Da Sermoneta, provincia di Latina, dove nasce e cresce, nel 1976 si trasferisce a Milano: qui partecipa ai gruppi dell’antagonismo e poi alla fondazione dei Pac, i Proletari Armati per il Comunismo. Incomincia la stagione del sangue. L’accusa è per quattro omicidi: Udine, 6 giugno 1978, vittima Antonio Santoro, agente di polizia penitenziaria. Mestre, 16 febbraio 1979, vittima Lino Sabbadin, professione macellaio, militante del Movimento Sociale Italiano. Milano, 16 febbraio 1979, vittima Pierluigi Torreggiani, gioielliere. Milano ancora, 19 aprile 1979, vittima Andrea Campagna, agente della Digos.

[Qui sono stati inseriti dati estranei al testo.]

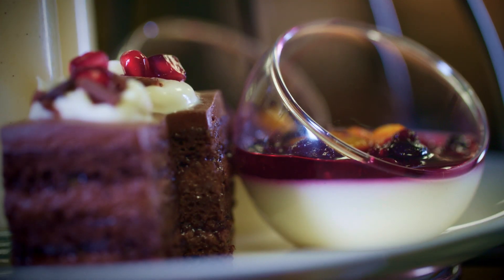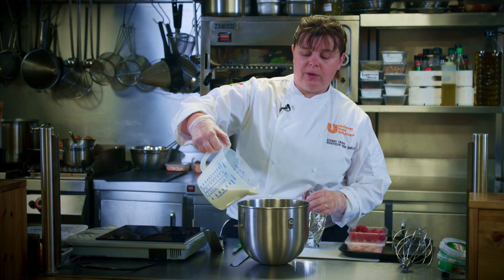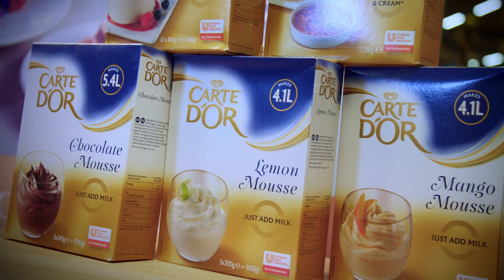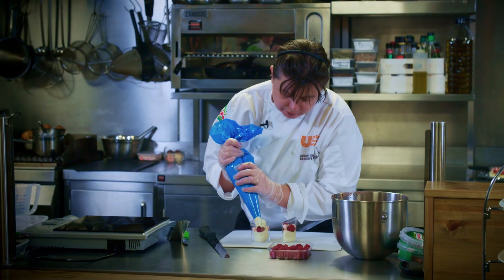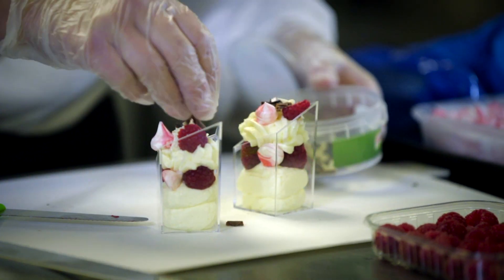Today we have a focus on afternoon tea. With the traditional, we're doing a take on an Eton mess. 500 mils of milk, your lovely powdered mousse into your pot, then we just pipe our little lemon mousse, a couple of our little raspberries in, a couple of our little meringues, a nice finish on the top — and how simple and easy is that? So that's something you can have in seven minutes.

Due mesi dopo, il 26 giugno 1979, in un’operazione contro i Proletari Armati viene arrestato e portato in carcere. Si assume le «responsabilità politiche e militari del movimento». Cominciano i processi, che finiranno con due ergastoli confermati in Cassazione nel ‘91 e nel ‘93 per due omicidi compiuti personalmente e altri due in complicità. Il 4 ottobre 1981 un gruppo terroristico assalta il carcere di Frosinone, dove è detenuto, e Battisti fugge in una compagnia mista, dove figura anche un camorrista. Ripara a Puerto Escondido, da lì torna in Europa e sceglie Parigi. Ma si allontana un’altra volta, destinazione Messico. E’ lì quando fioccano le condanne definitive. Nell’ottobre 1990 torna a Parigi. Pochi mesi e lo arrestano su richiesta italiana. Lo dichiarano non estradabile e lo rilasciano. Ed ecco lo scrittore, il giallista, pubblicato senza successo anche da noi. Lo protegge una corte di personaggi in vena d’apparire, come la giallista Fred Vargas.

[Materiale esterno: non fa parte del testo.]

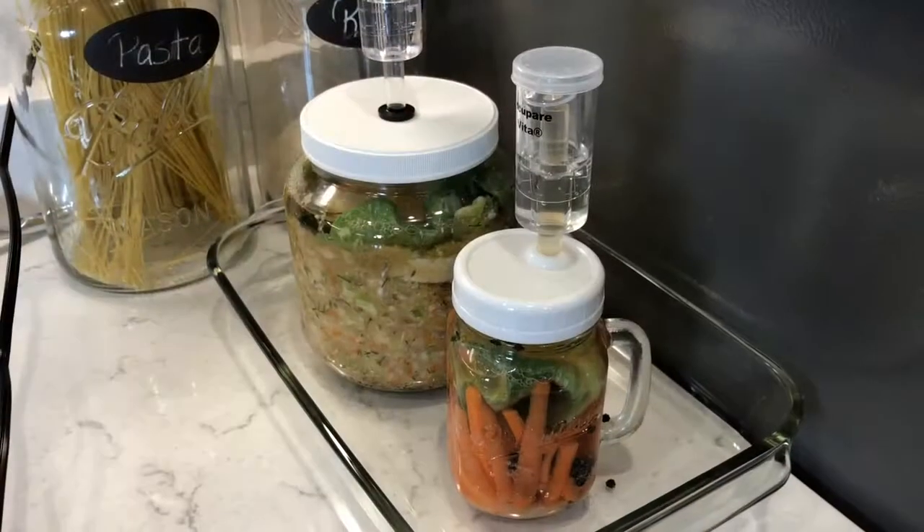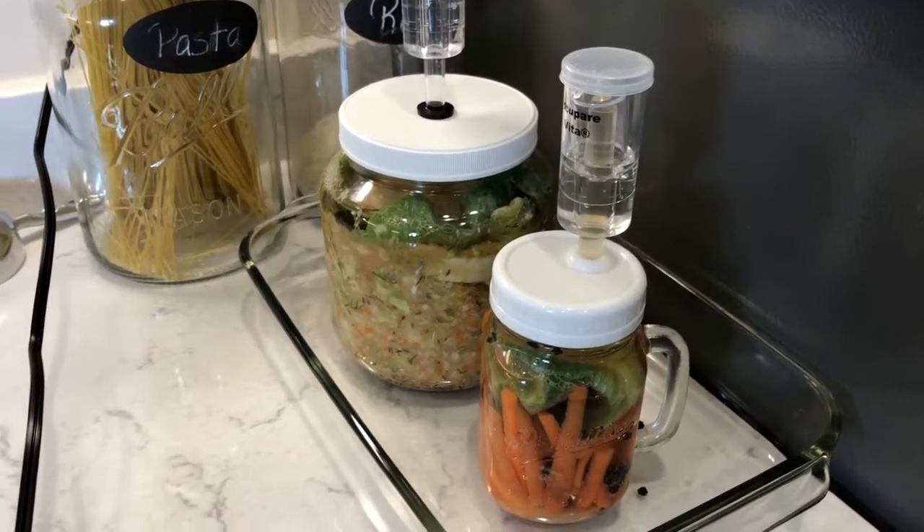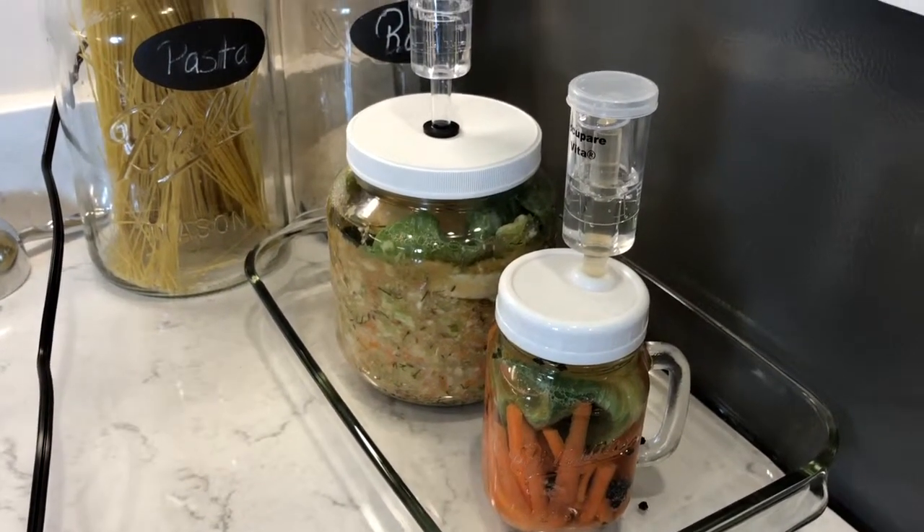This is the fermentation I have going on — carrots and sauerkraut that I mentioned. They started on Sunday, so that's how it's looking.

Quando esce dal carcere, una tra i suoi legali, Irene Terrel, non è ancora soddisfatta: «Giustizia è fatta, ma non è finita qui». Infatti non è finita proprio. Il 30 giugno 2004 la Corte d’Appello, presidente Gurtner, ribalta la decisione: Battisti Cesare deve essere estradato. Lui, pallido, sbarra gli occhi. E’ incredulo. Ma non perde tempo. E’ in libertà provvisoria, in attesa delle pratiche. Sabato 14 agosto firma per l’ultima volta il registro in commissariato. Lo ritrovano in Brasile il 18 marzo 2007: è a Copacabana. Lo hanno scovato i Ros dei carabinieri, collaborando con i colleghi francesi. Lo arrestano. E Battisti chiede asilo politico: il 14 gennaio di quest’anno la conferma: status di rifugiato, concesso dal ministro della Giustizia Tarso Genro, che lascia stupefatti tutti, dalla gente che guarda la tv fino al presidente del Senato Alves Finho.

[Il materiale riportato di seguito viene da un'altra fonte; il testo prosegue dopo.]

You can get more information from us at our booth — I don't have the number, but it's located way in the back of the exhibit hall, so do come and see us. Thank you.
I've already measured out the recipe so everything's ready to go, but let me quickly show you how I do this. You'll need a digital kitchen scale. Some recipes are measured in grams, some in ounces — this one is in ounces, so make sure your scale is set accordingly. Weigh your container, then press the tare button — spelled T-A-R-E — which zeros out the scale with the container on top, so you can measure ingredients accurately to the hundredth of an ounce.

Fra pochi mesi saranno trascorsi trent’anni dalla prima vittima. Una parte di intellettuali francesi continua a spiegarci che non sappiamo voltare pagina. Chissà perché nessuno si è mosso per Ben Salem, ladro tunisino, condannato da noi a quattro anni e mezzo, catturato in Francia dove lavorava, là incensurato, tenuto in carcere in attesa di estradizione, senza nemmeno la libertà vigilata.